Dispongo del siguiente circuito detector de presencia por infrarrojos

http://www.pablin.com.ar/electron/circuito/varios/proximid/

que me funciona perfectamente con 5V.

COmo indica, si quiero commandar un circuito externo, he sustituido el LED por un optoacoplador, el 4N35 con una RL de 20 ohmios, y no me funciona, no activa el relé de 5V ( que alimento con la misma tension de 5V) con el que quiero comandar un circuito de alterna para activar una electroválvula.

¿ Que he hecho mal? debo utilizar otro optoacoplador, uno con darlington para mayor I ? Muchisimas gracias


----------



## pandacba (Abr 27, 2011)

poses subir un circuito para ver como hiciste el coneccionado y aconsjarte que hacer?


----------



## locosxlamoto (Abr 27, 2011)

Mira si funciona el siguiente enlace donde esta la foto. Muchas gracias


----------



## gonzac.top (Abr 27, 2011)

Hay que ver si esta bien conectado el optoacoplador.
Como se ve el led alli, tiene que estar conectado el fotodiodo del optoacoplador.
--
Conecta un led con una resistencia de 1kohm en el lugar del Rele para ver si funciona.

PD:Tenes la hoja de datos del optoacoplador, q nombre tiene?


----------



## Rigeliano (Abr 27, 2011)

Creo que pandacba se referia a el circuito que tu hiciste para activar el rele con el optoacoplador, y si estendi bien creo que intentaste activar el rele solo con el optoacoplador y nada mas, si es asi no va a activar el rele por que no te da la corriente necesaria.


----------



## pandacba (Abr 27, 2011)

Si, me referia al esquema modificado, no al original para ver como conectaste el opto

Si utiizas un TIP125 en lugar del BC558 puedes manejar directament el relay si olvidar poner el diodo de protección en paralelo con el relay catodo al los 5V


----------



## Rigeliano (Abr 27, 2011)

Pero lo que quiere es separar electricamente el rele o no?


----------



## pandacba (Abr 27, 2011)

no, eso pense al principio de echo el relay tambien separa.... pero dice que se alimenta de los mismos 5V entonces no tiene sentido el opto


----------



## Rigeliano (Abr 27, 2011)

Entonces a hacerle caso a pandacba  con el TIP125


----------



## locosxlamoto (Abr 28, 2011)

Muchas gracias, probare pues con un led como me indicas y la R de 1K y buscare el TIP125 . El opto que tengo es el 4N35, tenia la duda de si utilizar el 4N30 que viene con darlington por el problema de la corriente.
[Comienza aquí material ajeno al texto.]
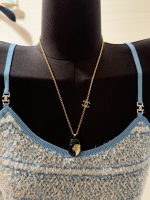 Chanel 26A New Black and Gold-toned Double C Cameo Oval Resin Necklace - Image 9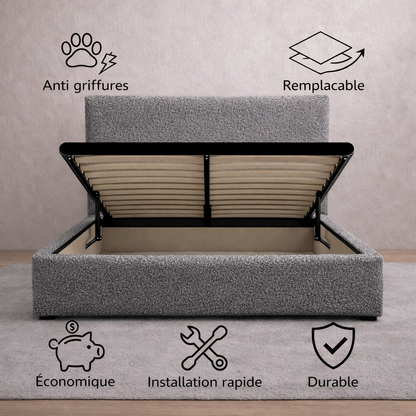 Housse structure lit coffre bouclette gris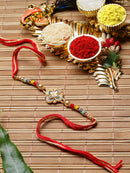 Traditional Gold Plated Gold Toned Kundan Studded Floral Rakhi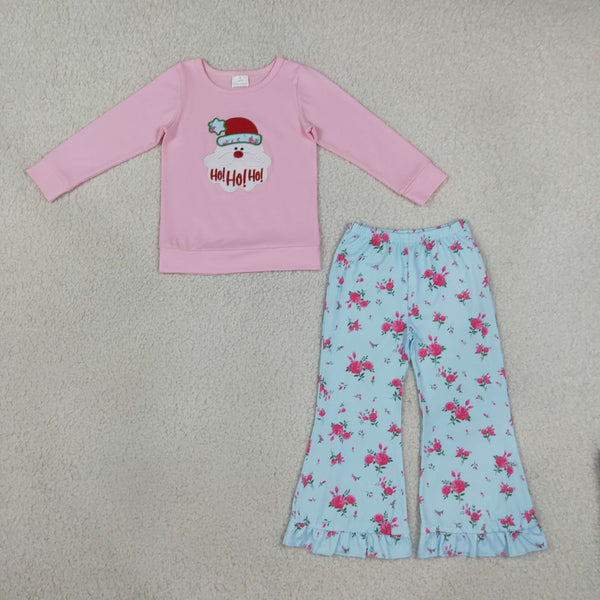 RTS GLP3596 toddler girl clothes santa embroidery long sleeve flare pants outfit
Qué diodo pongo en paralelo para la protección? el 1N47 ?


----------



## gonzac.top (Abr 28, 2011)

Me queda la duda del problema con la corriente, yo utilice para algo parecido un opto de 4 patas, pero si los expertos lo dicen... 
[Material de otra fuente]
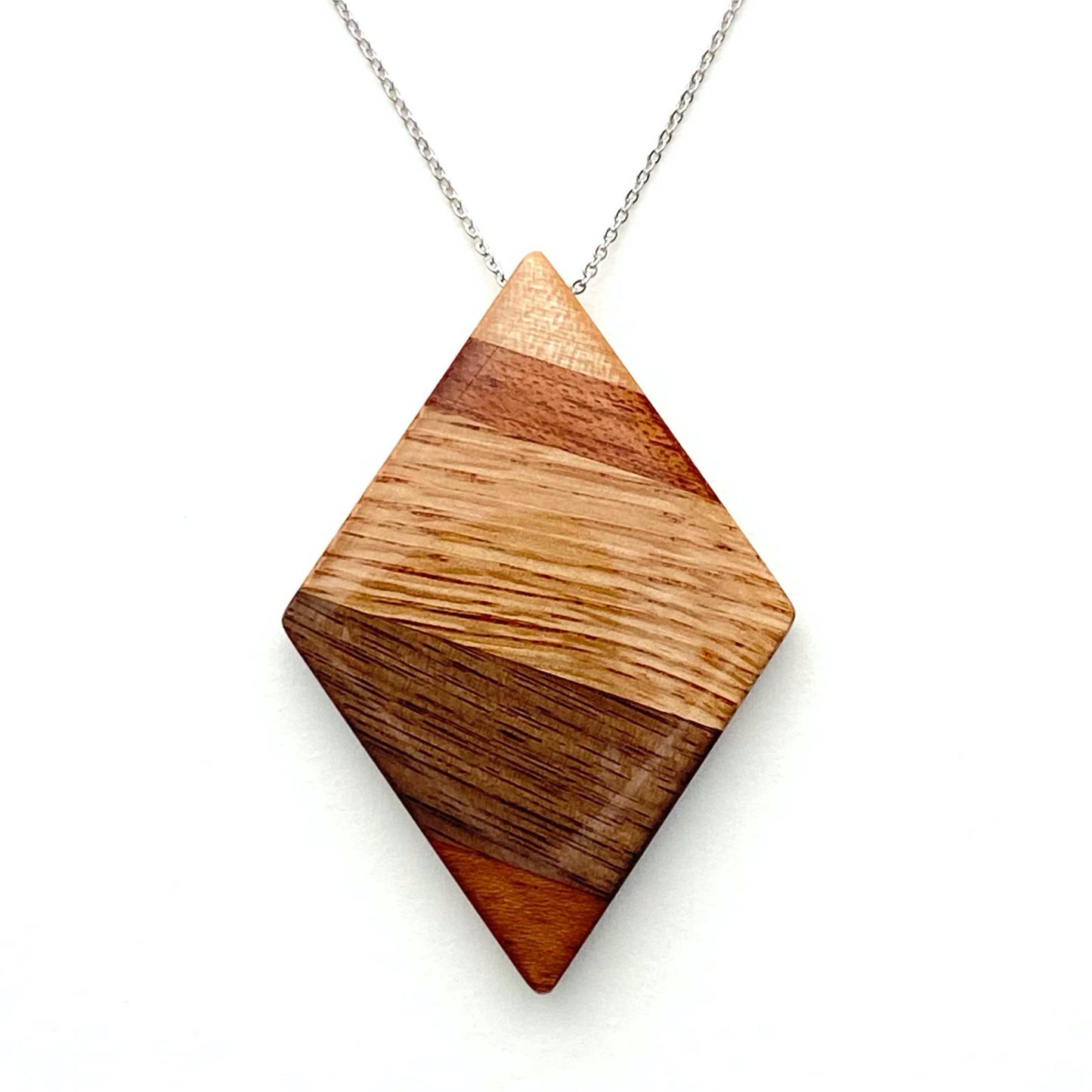 Jumbo Diamond Reclaimed Wood Necklace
El diodo puede ser cualquiera, es solo para las corrientes inversas. Con un zener comun como 1n4148 deberia andar.

Saludos


----------



## Scooter (Abr 28, 2011)

No tiene mucho sentido poner un optoacoplador y luego un relé porque el relé ya tiene aislamiento galvánico, no necesitas dos aislamientos.
De todos modos es probable que el opto no de bastante corriente; la mayoría tienen una función de transferencia en corriente de uno mas o menos, si el led consume 15mA el transistor conduce una cosa por el estilo.
Soluciones:
- Usa un optodarlington como el 4N32 
- Pon un transistor externo
- Aumenta la corriente por el led aunque eso no se si será bastante


----------



## locosxlamoto (Abr 28, 2011)

Lo de poner el relé es porque quiero activar una electroválvula que funciona con alterna. El circuito funciona bien tal cual el esquema.
Según la web donde el esquema
http://www.pablin.com.ar/electron/ci...rios/proximid/ 
indica que para controlar / activar un circuito externo basta SUSTITUIR EL LED por un optoacoplador, supongo para tener más corriente.
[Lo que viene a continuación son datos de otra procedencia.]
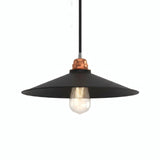 Platte geëmailleerde lampenkap Ø 30 cm voor E27-fitting — Zwart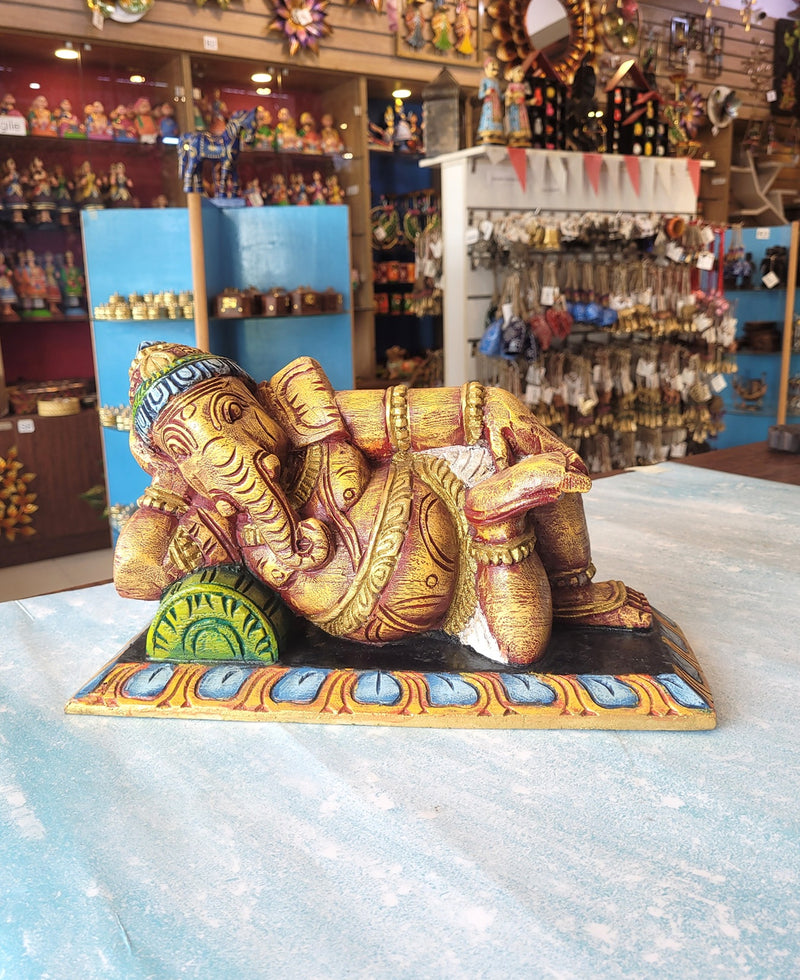 Relaxing Ganesha Resting Right Side Ganesha Idol Statue Pooja Idol Table Decor Mahogany Wood Carving Traditional Chettinad Indian Handicrafts (8 H x 15 L x 7 W inches)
Yo he probado con el 4N30 y no funciona según este esquema donde R la he puesto de 20ohmios y alimentando el relé a la salida del opto con 5V, deberia alimentarlo con más tensión? entiendo que funciona con valores de 3 a 5 V.






 PAra conseguir más corriente y poder activar el relé según me dices puedo probar el optodarlington 4N32 en vez del 30, lo del transistor externo, a que te refieres, donde lo conecto? te refieres al apunte de pandacba de sustituir el 558 por el TIP125?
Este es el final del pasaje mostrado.